Plutharkos, Lykurgos’un Isparta’da giriştiği devrimlerin en kışkırtıcı olanının ‘ lüks ve zenginlik düşkünlüğünü ortadan kaldırmak’ olduğunu bildirir. Bunun için de, insanları paradan soğutmak, paraya yabancılaştırmak gerekmektedir. Önce, altın ve gümüş parayı ortadan kaldırır Lykurgos, onların yerine demir parayı dolaşıma sokar.’Üstelik’, der Plutharkos,’bu paranın değeri az, ağırlığı çok ve tuttuğu yer büyük olacaktı. O kadar ki, bin drahmilik bir parayı taşımak için bir öküz arabası, evde saklamak için de koca bir oda gerekecekti.’

Peki, sonra?
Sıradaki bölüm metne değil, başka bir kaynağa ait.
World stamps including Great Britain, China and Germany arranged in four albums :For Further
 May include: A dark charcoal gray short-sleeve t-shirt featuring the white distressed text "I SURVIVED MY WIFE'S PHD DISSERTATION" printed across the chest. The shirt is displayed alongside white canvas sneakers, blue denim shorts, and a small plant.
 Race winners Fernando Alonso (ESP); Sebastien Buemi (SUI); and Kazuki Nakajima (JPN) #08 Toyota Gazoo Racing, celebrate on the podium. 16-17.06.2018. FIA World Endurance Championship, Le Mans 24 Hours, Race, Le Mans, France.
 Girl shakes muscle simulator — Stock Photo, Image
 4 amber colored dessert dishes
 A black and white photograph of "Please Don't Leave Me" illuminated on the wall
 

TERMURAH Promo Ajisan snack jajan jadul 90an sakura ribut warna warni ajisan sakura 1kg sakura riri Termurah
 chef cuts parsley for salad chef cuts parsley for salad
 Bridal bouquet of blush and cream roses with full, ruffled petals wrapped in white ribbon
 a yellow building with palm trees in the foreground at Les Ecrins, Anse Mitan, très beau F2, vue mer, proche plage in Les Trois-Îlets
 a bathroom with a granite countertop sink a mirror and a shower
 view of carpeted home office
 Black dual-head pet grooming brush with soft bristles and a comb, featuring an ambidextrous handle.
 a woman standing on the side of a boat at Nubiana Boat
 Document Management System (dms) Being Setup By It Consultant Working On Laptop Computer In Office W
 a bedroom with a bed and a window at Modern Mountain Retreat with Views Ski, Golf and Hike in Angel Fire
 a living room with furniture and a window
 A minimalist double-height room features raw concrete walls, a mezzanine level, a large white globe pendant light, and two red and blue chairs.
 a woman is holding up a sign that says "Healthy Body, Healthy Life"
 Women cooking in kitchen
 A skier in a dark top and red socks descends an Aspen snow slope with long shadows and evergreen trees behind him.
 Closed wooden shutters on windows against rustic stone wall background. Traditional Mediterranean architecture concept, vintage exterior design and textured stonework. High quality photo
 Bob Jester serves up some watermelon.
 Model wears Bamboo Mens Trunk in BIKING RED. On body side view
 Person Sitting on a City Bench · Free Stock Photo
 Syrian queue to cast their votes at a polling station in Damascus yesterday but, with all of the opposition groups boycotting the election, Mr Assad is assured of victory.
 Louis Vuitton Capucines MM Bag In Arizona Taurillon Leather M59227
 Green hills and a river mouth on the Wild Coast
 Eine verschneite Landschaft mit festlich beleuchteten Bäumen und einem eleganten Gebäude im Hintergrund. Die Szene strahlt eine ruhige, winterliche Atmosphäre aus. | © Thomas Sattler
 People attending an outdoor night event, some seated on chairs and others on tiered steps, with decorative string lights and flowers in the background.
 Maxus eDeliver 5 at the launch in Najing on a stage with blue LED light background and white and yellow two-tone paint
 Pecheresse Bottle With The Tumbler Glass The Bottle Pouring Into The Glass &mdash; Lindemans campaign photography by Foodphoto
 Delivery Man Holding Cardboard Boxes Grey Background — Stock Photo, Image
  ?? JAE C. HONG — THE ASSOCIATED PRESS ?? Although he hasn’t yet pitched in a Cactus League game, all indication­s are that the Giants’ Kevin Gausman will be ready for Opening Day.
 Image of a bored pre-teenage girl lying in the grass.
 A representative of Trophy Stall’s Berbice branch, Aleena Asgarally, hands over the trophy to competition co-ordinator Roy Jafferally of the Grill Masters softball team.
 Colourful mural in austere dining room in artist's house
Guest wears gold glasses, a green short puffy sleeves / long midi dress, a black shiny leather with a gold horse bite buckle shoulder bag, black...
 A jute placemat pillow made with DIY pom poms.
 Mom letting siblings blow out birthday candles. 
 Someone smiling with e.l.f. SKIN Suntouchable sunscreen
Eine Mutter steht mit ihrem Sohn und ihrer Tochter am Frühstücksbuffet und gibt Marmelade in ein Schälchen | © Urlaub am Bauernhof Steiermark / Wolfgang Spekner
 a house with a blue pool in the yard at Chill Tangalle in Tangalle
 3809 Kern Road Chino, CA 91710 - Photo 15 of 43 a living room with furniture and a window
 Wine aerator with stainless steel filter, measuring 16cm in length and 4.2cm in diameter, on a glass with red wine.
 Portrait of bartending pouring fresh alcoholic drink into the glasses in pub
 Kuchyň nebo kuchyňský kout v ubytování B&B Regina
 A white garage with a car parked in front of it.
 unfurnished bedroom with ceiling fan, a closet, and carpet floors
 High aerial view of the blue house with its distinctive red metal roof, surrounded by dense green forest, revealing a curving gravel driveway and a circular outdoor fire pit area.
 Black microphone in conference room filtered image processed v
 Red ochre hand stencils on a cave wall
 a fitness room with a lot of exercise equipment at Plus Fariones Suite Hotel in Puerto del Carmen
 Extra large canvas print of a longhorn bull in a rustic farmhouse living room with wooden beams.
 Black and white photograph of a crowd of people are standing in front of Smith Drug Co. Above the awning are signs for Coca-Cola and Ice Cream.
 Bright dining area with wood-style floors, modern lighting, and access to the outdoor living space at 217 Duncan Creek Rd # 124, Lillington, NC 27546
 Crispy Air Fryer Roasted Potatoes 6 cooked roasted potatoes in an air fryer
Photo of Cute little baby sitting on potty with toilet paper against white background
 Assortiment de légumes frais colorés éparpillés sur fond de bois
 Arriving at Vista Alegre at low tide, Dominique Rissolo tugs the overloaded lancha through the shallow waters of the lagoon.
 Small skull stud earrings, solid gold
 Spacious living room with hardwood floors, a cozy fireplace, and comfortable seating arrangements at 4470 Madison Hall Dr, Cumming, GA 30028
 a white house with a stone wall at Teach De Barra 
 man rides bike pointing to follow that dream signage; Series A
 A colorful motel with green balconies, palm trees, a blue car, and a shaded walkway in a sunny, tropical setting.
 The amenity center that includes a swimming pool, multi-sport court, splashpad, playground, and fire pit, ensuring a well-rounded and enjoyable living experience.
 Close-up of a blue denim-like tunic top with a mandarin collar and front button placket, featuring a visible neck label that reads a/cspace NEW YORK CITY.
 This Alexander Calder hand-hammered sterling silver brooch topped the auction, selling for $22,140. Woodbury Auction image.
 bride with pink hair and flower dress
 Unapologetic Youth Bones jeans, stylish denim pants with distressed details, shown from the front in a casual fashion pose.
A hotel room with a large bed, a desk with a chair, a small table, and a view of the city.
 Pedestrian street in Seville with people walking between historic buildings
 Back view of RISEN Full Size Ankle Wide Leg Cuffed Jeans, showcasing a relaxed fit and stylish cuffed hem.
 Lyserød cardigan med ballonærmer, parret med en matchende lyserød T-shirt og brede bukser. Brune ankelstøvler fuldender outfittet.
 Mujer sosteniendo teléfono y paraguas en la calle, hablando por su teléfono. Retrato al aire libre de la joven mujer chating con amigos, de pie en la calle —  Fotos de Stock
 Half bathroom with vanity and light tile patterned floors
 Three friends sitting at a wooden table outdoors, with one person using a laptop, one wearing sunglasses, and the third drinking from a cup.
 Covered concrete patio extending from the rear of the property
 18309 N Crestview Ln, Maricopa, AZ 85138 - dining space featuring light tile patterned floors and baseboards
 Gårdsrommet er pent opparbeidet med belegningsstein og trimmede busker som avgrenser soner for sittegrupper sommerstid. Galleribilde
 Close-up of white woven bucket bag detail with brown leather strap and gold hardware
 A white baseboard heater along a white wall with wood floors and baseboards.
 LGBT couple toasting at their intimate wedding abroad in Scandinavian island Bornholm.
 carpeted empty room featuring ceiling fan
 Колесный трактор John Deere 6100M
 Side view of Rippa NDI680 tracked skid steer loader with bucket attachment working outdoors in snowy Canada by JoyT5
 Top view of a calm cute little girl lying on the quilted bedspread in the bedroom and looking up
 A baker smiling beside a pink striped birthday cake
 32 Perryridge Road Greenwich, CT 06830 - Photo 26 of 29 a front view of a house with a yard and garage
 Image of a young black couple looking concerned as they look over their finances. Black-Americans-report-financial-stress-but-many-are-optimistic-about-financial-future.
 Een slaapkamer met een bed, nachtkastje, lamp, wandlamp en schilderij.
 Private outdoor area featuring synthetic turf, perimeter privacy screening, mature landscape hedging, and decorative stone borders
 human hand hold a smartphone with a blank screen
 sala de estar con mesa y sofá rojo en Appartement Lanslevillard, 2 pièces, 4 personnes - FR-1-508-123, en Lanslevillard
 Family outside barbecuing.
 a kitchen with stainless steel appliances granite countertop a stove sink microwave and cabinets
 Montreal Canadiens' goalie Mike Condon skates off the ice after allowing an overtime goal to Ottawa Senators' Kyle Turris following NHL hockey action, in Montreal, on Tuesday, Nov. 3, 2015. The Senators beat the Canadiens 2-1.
Lykurgos’a göre, bu para kullanılmaya başlayınca ‘Lakedemonia’da türlü haksızlıklar ortadan kalkacak’tı ;’bu saklanmaz, elde etmeye değmez, parçalanınca da hiçbir işe yaramaz maden için ,kim artık haksızlık eder,rüşvet alır,eşkıyalığa,dolandırıcılığa kalkardı?’ Plutharkos,böyle yazıyor ‘Lykurgos’un Hayatı’nda.

Lykurgos’un Isparta’lıları paradan tiksindirip tiksindirmediğini bilmiyoruz; ama Fidel’in ‘gençliği paradan tiksindire[mediğini] ‘ biliyoruz elbet. Tam tersine ! Gençlik (sadece ‘gençlik’ mi?) paradan tiksinmek şöyle dursun, parayı daha çok, daha çok, daha çok istiyor; para ‘en yüce değer’ oluyor. Sadece ‘en yüce değer’ mi? Protagoras’ın o çok bilinen sözünü (‘insan, herşeyin ölçütüdür’) değiştirerek söylersem, ‘para, herşeyin ölçütü’ oldu artık...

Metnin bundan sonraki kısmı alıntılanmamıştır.